Used prices on cars with less than 1000 miles - and what it means
I'm currently looking at the alternatives to buying a Panamera new, but it seems like a topic with much wider implications. Some of which are surprising to me.
In particular, I've been looking at very low mileage cars, which are essentially new cars. I've seen a few advertised for sale by dealers than have 200-300 miles on them. Clearly, someone bought or leased the car, drove it for a month or so, and then sold it back, broke the lease, or defaulted on the loan. Something.
What gets me is that I'm looking very hard at one car in South Carolina that's been for sale by a dealer for a couple of months. It's been reduced from $109k to $102k to $100k. It has 264 miles on it, and while they don't list every option, they make a point of saying MSRP was $117k new. Now, whether those prices still seem astronomical to you or not, consider what it means.
If MSRP was $117k, I'm guessing the original buyer paid maybe $110k if they bargained hard, right? Yet they're offering it for $100k now, and presumably expect to make a profit at that price. Surely there's some room for negotiation in that price, dealers don't put used cars up for "take it or leave it" prices.
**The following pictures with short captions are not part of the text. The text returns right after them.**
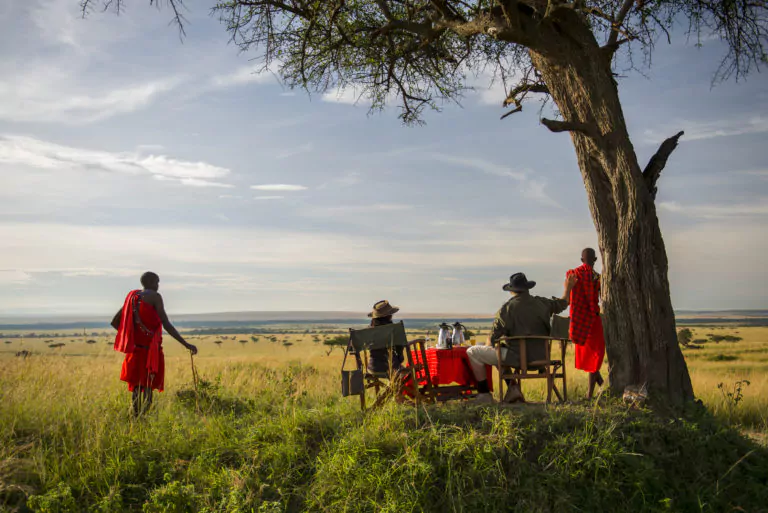 Hochzeitsreise Kenia Masai Mara Sundowner
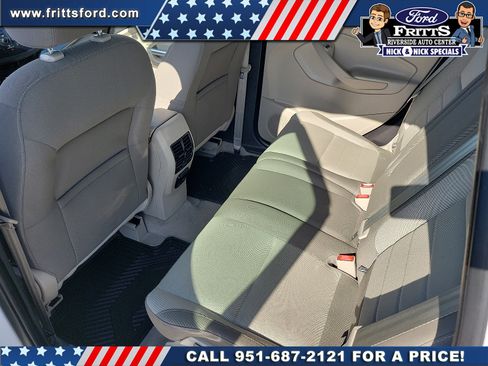 Used 2016 Ford C-MAX SE w/ Interior Protection Package FWD image 14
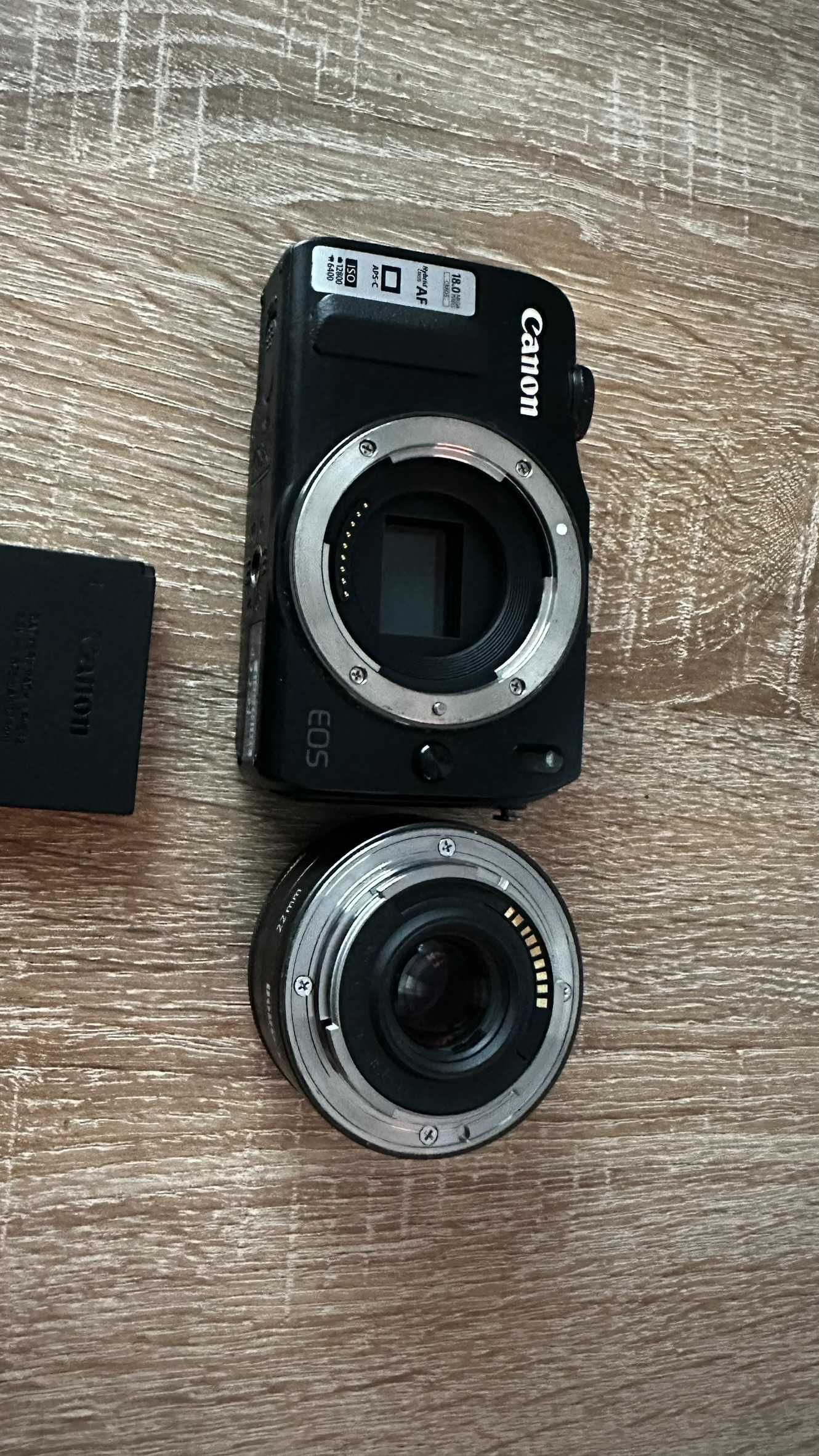 Canon EOS M + Obiectiv Canon 22mm EF-M 1:2 STM aparat foto mirrorless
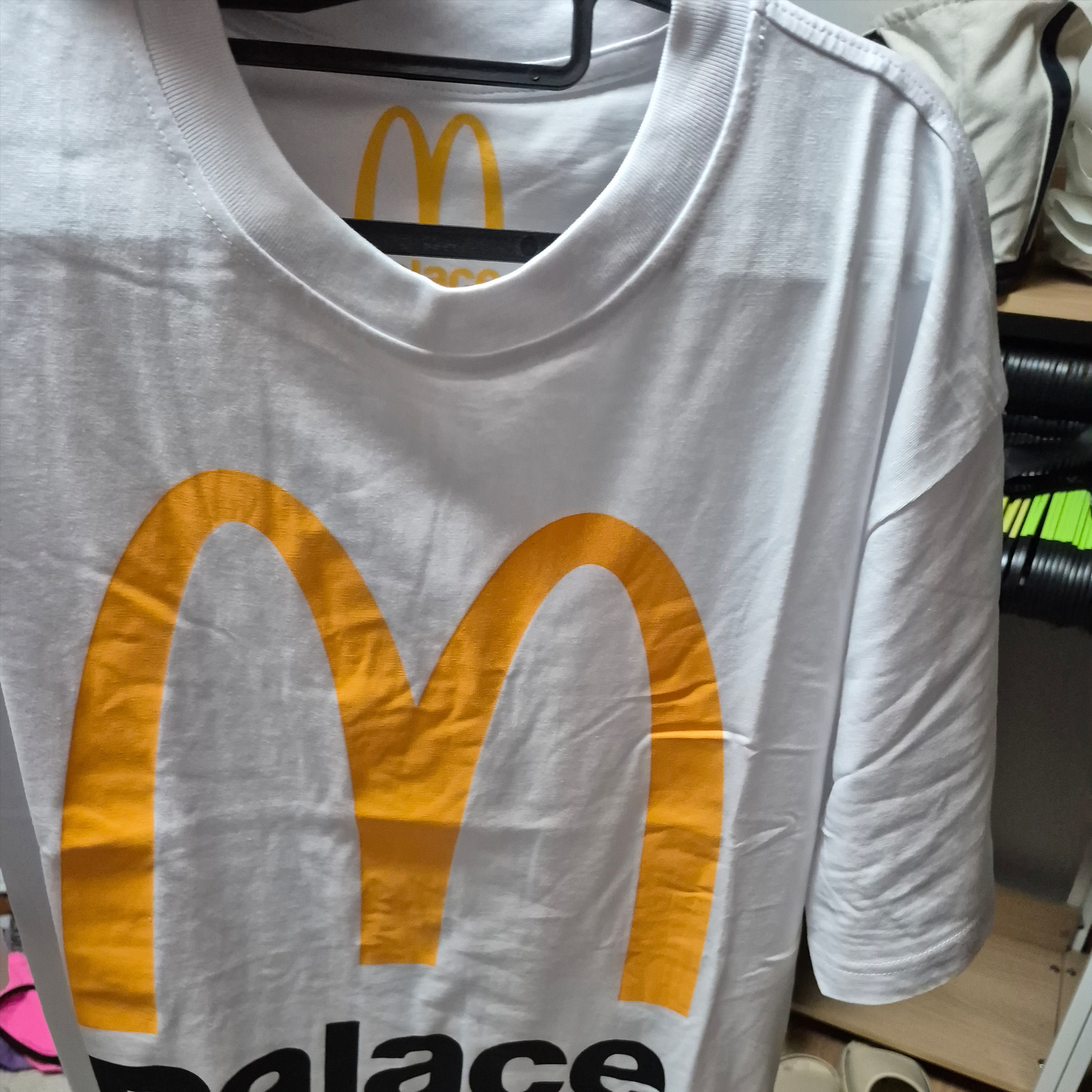 Palace x McDonald's Logo T-Shirt White - 23FW 착용 스타일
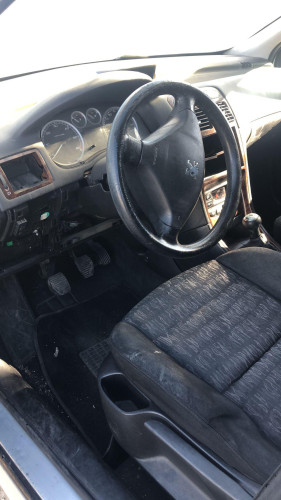 PEUGEOT 307 (S1)(04.2001) — vehículo donante para recambios 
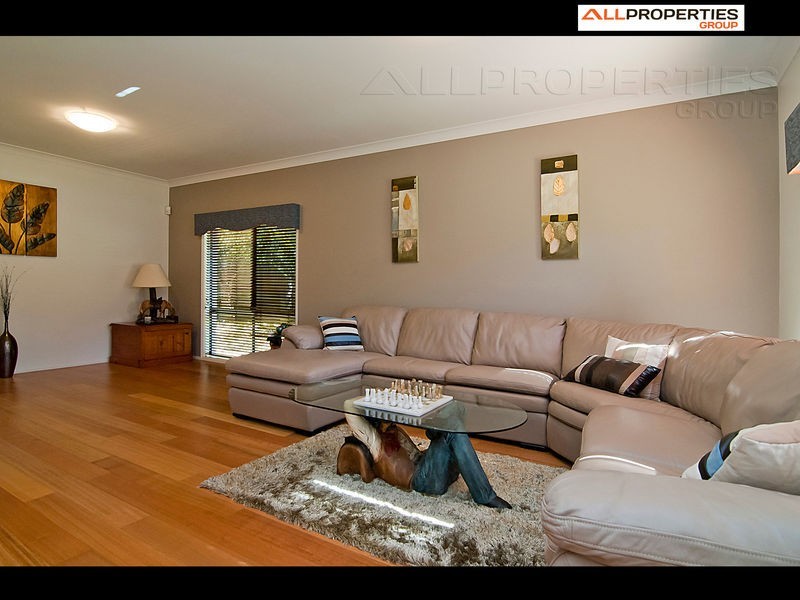 4 Camberwell Place, Forest Lake QLD 4078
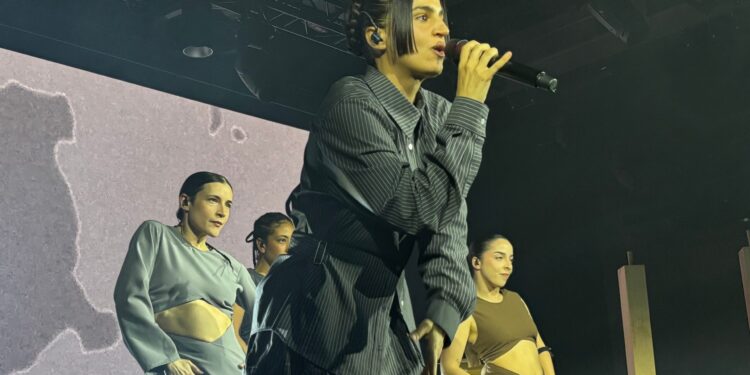 Maria Arnal cautiva en el Roig Arena con la presentación de su nuevo álbum "Ama"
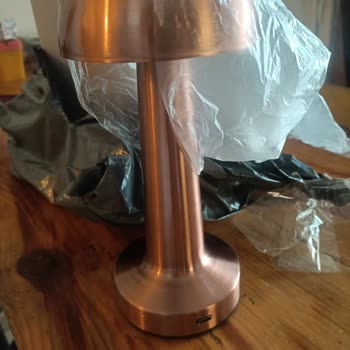 Yanlış Renk Masa Lambası Siparişi Ve Çözümsüzlük Mağduriyeti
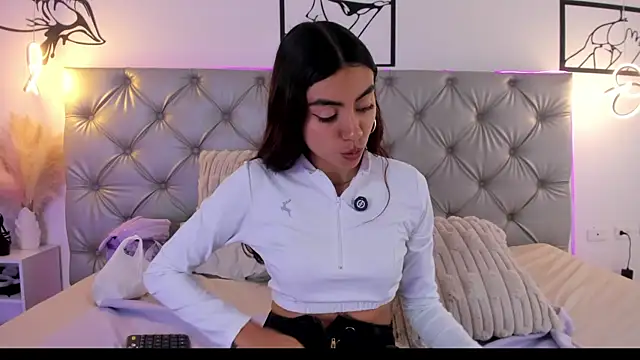 Naughty Couple83 online show from 15, 4, 2026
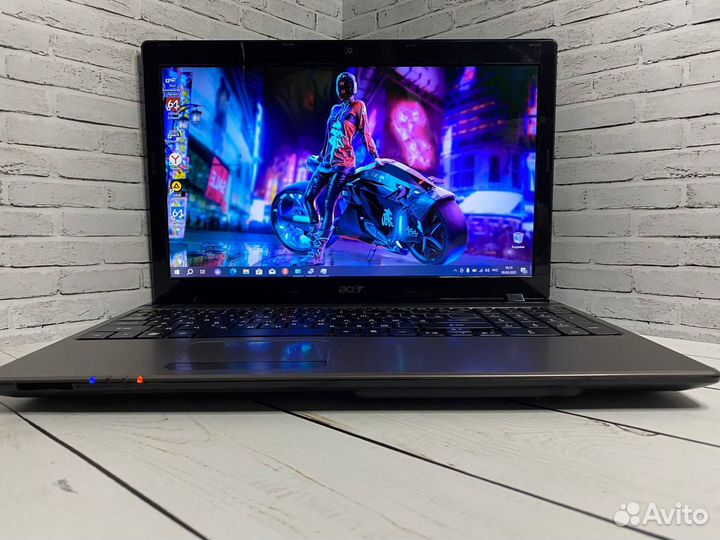 Игровой ноутбук Acer I7/2видеокарты/8Gb/SSD+HDD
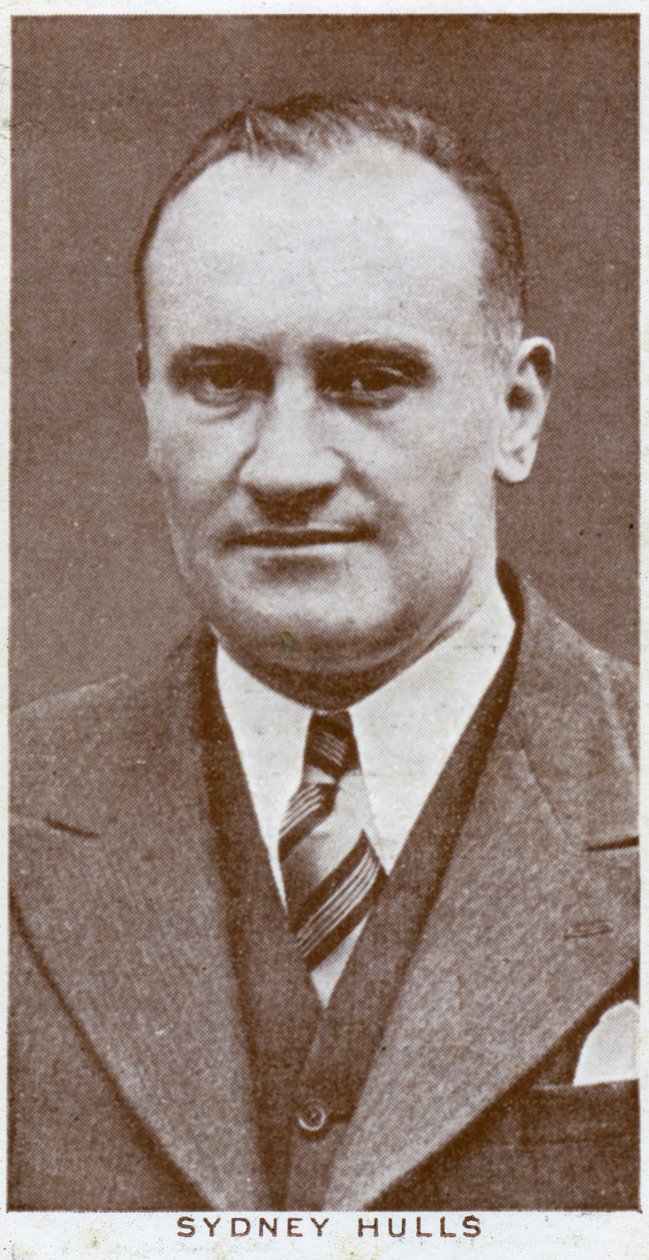 सिडनी हल्स, ब्रिटिश मुक्केबाजी प्रमोटर, 1938 द्वारा अज्ञात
Doesn't that mean that they paid $90k or so to take the car back? I'm guessing, part of the reason I'm bringing this up is I'd like to know exactly how much negotiating room there is, I'm not really sure where to start. It sounds like the original owner paid $20k to drive the car 200 miles. OK, $15k considering the tax credits on an E-Hybrid, but still a lot of money. If it was a lease, it's the same situation - the lease termination fee had to be in the same ballpark.